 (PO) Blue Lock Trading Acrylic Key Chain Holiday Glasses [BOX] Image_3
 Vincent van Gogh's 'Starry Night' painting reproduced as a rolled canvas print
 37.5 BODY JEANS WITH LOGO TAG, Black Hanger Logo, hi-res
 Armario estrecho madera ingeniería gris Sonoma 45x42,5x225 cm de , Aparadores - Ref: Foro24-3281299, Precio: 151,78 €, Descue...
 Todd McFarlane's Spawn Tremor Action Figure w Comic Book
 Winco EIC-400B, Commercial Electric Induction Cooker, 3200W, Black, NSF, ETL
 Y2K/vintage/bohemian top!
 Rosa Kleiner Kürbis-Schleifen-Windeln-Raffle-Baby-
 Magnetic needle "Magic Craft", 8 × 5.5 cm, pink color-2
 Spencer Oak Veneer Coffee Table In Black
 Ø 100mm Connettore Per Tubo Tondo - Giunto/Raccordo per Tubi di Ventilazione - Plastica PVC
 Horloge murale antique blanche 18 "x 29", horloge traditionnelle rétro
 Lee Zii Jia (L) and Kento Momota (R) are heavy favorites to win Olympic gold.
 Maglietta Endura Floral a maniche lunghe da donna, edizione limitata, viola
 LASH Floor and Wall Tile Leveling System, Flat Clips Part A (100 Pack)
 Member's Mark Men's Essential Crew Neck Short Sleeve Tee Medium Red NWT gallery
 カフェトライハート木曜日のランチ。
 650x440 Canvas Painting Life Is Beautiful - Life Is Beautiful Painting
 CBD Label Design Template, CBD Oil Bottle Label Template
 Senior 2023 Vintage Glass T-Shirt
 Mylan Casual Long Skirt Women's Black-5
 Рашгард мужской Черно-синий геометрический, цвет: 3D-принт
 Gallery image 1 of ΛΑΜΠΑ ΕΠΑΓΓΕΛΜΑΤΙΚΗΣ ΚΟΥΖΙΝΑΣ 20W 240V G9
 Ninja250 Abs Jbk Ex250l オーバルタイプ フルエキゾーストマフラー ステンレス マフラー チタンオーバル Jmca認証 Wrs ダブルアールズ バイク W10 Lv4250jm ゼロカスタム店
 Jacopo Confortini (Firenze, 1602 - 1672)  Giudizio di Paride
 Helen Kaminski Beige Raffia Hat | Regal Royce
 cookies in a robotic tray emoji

§ EXERCISE BRIEF
In the entries above, find each line with the word "Black" and copy it.

§ ANSWER BOX
 37.5 BODY JEANS WITH LOGO TAG, Black Hanger Logo, hi-res
 Winco EIC-400B, Commercial Electric Induction Cooker, 3200W, Black, NSF, ETL
 Spencer Oak Veneer Coffee Table In Black
 Mylan Casual Long Skirt Women's Black-5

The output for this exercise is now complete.